Le deuxième chapitre de cette étude se révèle le plus incisif et le mieux documenté. L’analyse des lettres de son corpus fournit à Bédard des preuves solides permettant de montrer la « porosité » de la frontière démarquant les sphères publiques et privées dans le Bas-Canada des années 1830. Car si les femmes n’agissent pas directement dans la pratique « publique » de la politique, elles participent pleinement à la sphère de l’opinion publique par la lecture de la presse politique, par la transmission des nouvelles politiques et en commentant les grandes questions qui agitent la colonie. Bien que l’expérience de Julie Bruneau Papineau soit celle qui informe le plus ce chapitre, Bédard démontre également que les femmes patriotes, surtout d’origine bourgeoise, disposaient d’un réseau non négligeable de sociabilité politique, notamment par l’entremise des salons où se regroupaient hommes et femmes associés au mouvement patriote. Les lettres des femmes patriotes font état de ces occasions sociales, des hommes politiques présents et des nouvelles et rumeurs qui y circulent. Julie Bruneau Papineau, entre autres, sert d’antenne pour son mari lors de ces assemblées mondaines et elle agit aussi afin de faire connaître ses positions auprès des hommes et femmes qu’elle y côtoie. L’analyse du corpus permet également de constater à quel point les femmes bourgeoises intégraient leur lecture des journaux politiques à leurs écrits, rythmant même les envois selon la réception des journaux.

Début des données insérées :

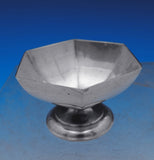 Shreve Sterling Silver Salt Dip Master #4242 2 1/4" Diameter Angular (#8948)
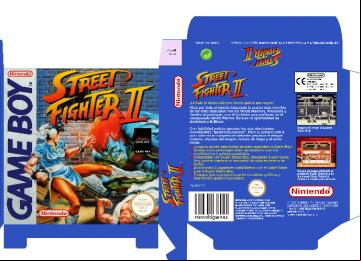 STREET FIGHTER II PAL ESP CAJA BOX PLANTILLA GAME BOY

Lors de la période insurrectionnelle, leurs lettres assurent la transmission des nouvelles vers des parents masculins en exil. Or, le réseau des femmes patriotes permet également que les envois se rendent à bon port, évitant que les lettres soient interceptées par le gouvernement ou les sympathisants loyalistes.

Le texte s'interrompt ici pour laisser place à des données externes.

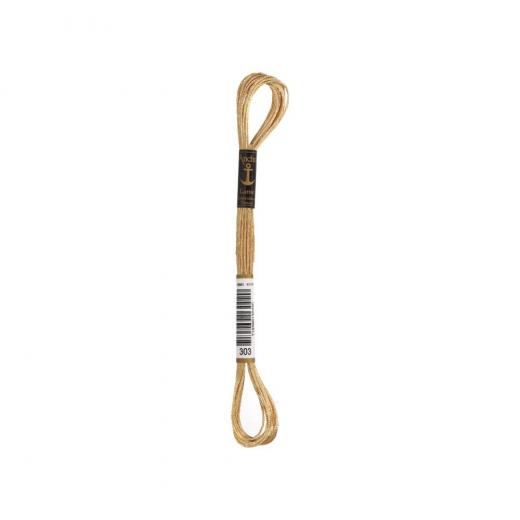 Anchor Lamé Metallstickgarn - Farbe 303 gold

Bédard analyse la pratique des épistolières dans le contexte des codes épistolaires en place et de ceux qui se développaient à l’époque dans son troisième chapitre qui contient de très belles pages sur le « caractère mélancolique » de Julie Bruneau Papineau, renvoyant à l’étude controversée de Fernand Ouellet. Mylène Bédard ne nie pas le ton parfois morose des lettres de Julie Bruneau Papineau, mais elle y voit plus justement l’expression d’un mal-être qui découlerait « de l’assignation à la vie familiale et de l’exclusion des sphères publique et politique », Selon Bédard, « le moi souffrant de l’épistolière correspond essentiellement avec le “moi domestique” ». Transgressant les limites imposées par son rôle, la correspondance avec son mari permettait à Julie de « fonder l’intimité de l’échange épistolaire avec son époux… sur une complicité basée sur des convictions politiques communes ».

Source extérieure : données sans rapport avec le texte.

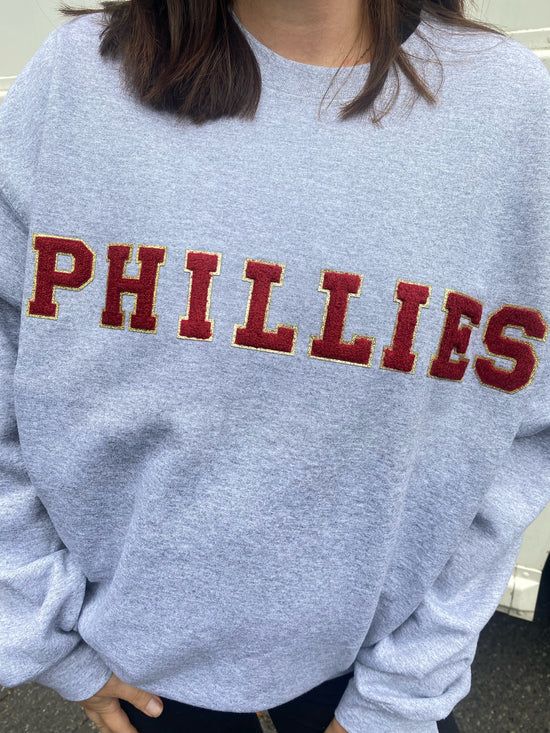 Varsity Phillies Crew Grey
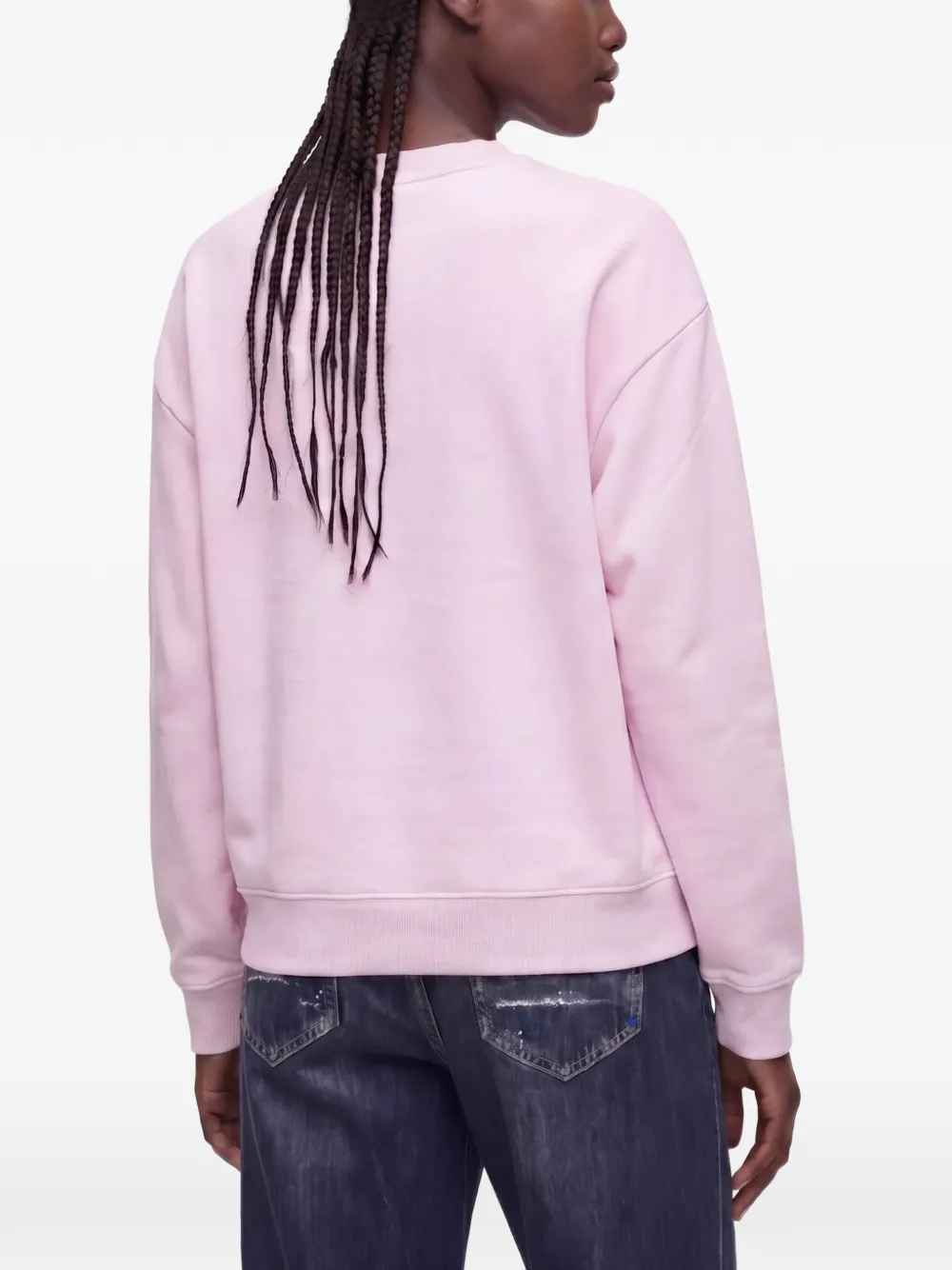 Karl Lagerfeld Jeans Sweater met logoprint en verlaagde schouders Roze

L’ouvrage de Mylène Bédard nous invite à reconnaître que les femmes auraient profité de la porosité des sphères domestiques et publiques pour prendre une part active aux débats politiques de cette époque mouvementée. Son ouvrage révèle le rôle des femmes bourgeoises en marge de la sphère politique, et il démontre de façon convaincante qu’elles fréquentent autant que leurs maris les journaux politiques, qu’elles forment des opinions politiques et qu’elles jouent un rôle capital dans la transmission des informations politiques. Il aurait été souhaitable que l’auteure exploite mieux l’historiographie plus récente sur le mouvement patriote et qu’elle se tourne vers des modèles historiographiques plus appropriés. Bédard rate de belles occasions de déballer la signification républicaine des lettres qu’elle cite et de les confronter au discours dominant du mouvement, qui est loin d’être strictement « nationaliste ». Cela dit, l’étude de Mylène Bédard représente une contribution importante qui permet enfin de remettre les femmes au centre de l’historiographie sur l’époque révolutionnaire au Bas-Canada.